Thirty-six patients had delayed graft function (DGF).
The maintenance IS treatments at the time of discharge after
transplantation were cyclosporine-A (CSA) + mycophenolate
mofetil/mycophenolic acid (MMF/MFA) + steroid in 18 patients, tacrolimus
(Tac) + MMF/MFA + steroid in 164 patients, Tac + MMF in 18 patients, a
CSA + a mammalian target of rapamycin inhibitors (mTORi) in 4 patients,
mTORi inhibitör + MMF/MFA + steroid in 2 patients, and a CSA +
Azathioprine (AZA) + steroid in 1 patient.
While any acute rejection episodes did not develop in 158 patients, 49
patients were diagnosed with acute rejection within the first six months
after transplantation.
BKV-DNA was screened monthly for nine months, then every three months
from the serum samples in 110 patients and the urine samples in 25
patients.
The mean time to diagnosis of BKVN was 15.8±22.2 months after
transplantation. At the time of diagnosis, the mean creatinine of the
patients was 1.8±0.7 mg/dl (0.5-5.6), the mean eGFR was 45.8±19.6 ml/min
(8-111), and the mean amount of daily urine protein excretion was
0,6±1,6 (0,01-19) g. The mean creatinine, eGFR, and proteinuria amounts
in the first and six months are shown in the Table 2.

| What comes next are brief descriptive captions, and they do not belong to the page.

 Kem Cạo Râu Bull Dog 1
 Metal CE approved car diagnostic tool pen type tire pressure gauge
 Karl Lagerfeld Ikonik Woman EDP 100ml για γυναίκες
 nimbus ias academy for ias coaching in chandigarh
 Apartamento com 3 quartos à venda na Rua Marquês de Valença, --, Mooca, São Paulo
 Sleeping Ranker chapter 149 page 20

In the allograft biopsy specimens, 181 cases had only BKVN with typical
basophilic nuclear bodies [SV40 (+) in the epithelial cells (renal
tubular and Bowman’s capsule) and fibrosis with varying degrees of
inflammatory infiltration], and 21 cases had BKVN + cellular
rejection, and four patients had BKVN + humoral rejection findings.

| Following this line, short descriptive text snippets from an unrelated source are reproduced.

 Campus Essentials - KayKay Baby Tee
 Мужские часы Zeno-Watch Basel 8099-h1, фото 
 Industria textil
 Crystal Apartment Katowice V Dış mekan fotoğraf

After the diagnosis of BKVN, the antimetabolite dose was reduced in 18
patients; the antimetabolite treatment was discontinued in 45 patients;
the antimetabolite was discontinued, and the CNI dose was reduced in 47
patients; the antimetabolite was discontinued and switched to AZA in 30
patients; the antimetabolite was discontinued, CNI dose was reduced, and
AZA was added in 11 patients; CNI was discontinued and switched to mTORi
in 56 patients (Table 3 ).
Pulse steroid was given to 10 patients with concomitant rejection, and
steroid + IVIG treatment was given to 10 of the patients, while no
additional treatment was given to the others.

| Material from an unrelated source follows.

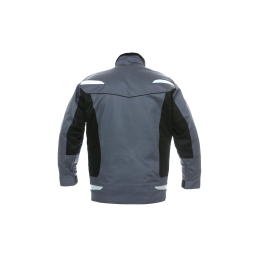 Vêtement de travail Veste de travail personnalisable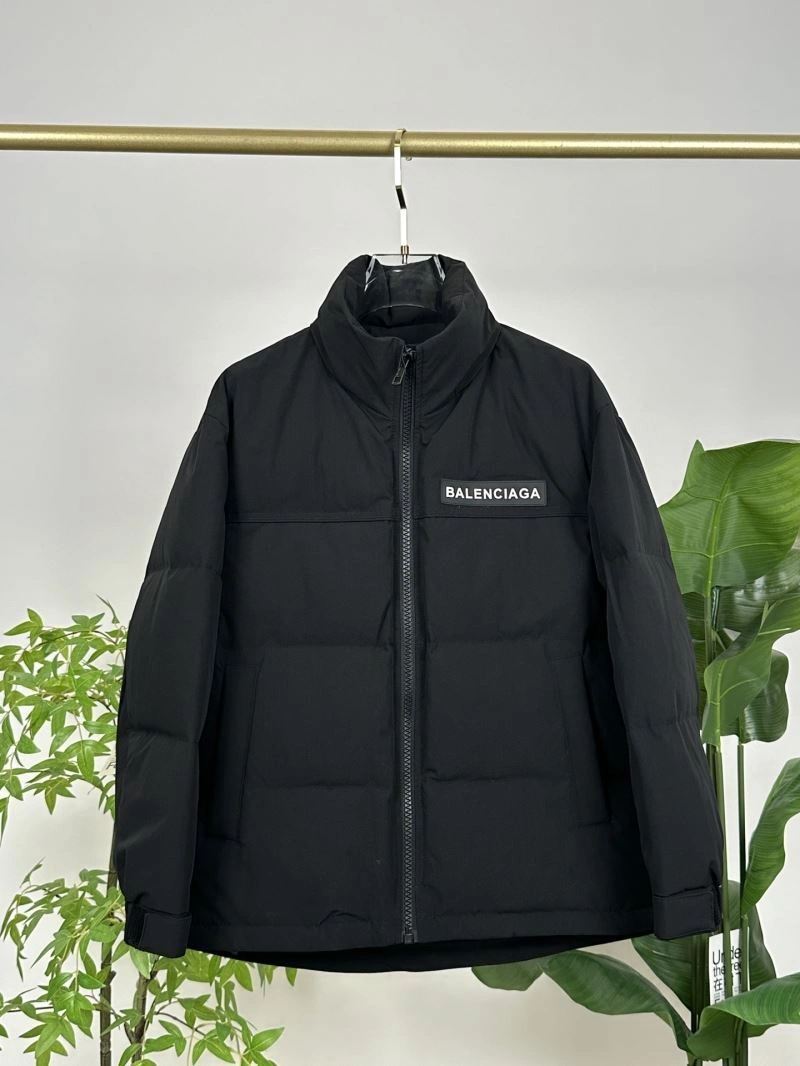 Balenciaga Down Jackets OnTrend 98885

For BKVN, 18 patients were treated with cidofovir, 11 patients with
leflunomide, 17 patients with quinolones, 15 patients with intravenous
immunoglobulin (IVIG), 5 patients with cidofovir + IVIG, and 12 patients
with leflunomide+IVIG.
Allograft loss occurred in 7 (38%) of the patients receiving cidofovir,
1 (5%) of the patients receiving quinolones, 2 (13%) of the patients
receiving IVIG, and 2 (40%) the patients receiving cidofovir + IVIG. No
allograft loss was observed in any patients who received leflunomide and
leflunomide+IVIG. Allograft loss was observed in 12 (15%) of 78
patients given antiviral or immunomodulatory therapy (Table 4 ).
When BKVN recovered, and non-recovered groups were compared, the
patients in the recovered group were younger, the BKV diagnosis was
earlier after transplantation, leflunomide usage, lower acute humoral
rejection rate and the serum creatinine values were lower at the time of
diagnosis (Table 5 ). No difference was found in other
parameters (gender, proteinuri levels, BKV-DNA copy, etc).
Allograft loss occurred in 32 patients (15%) during mean 49.5±40.8 mo
follow-up out of 207 patients. 5 patients had retransplantation, and
none developed BK virus nephropathy during the follow-up.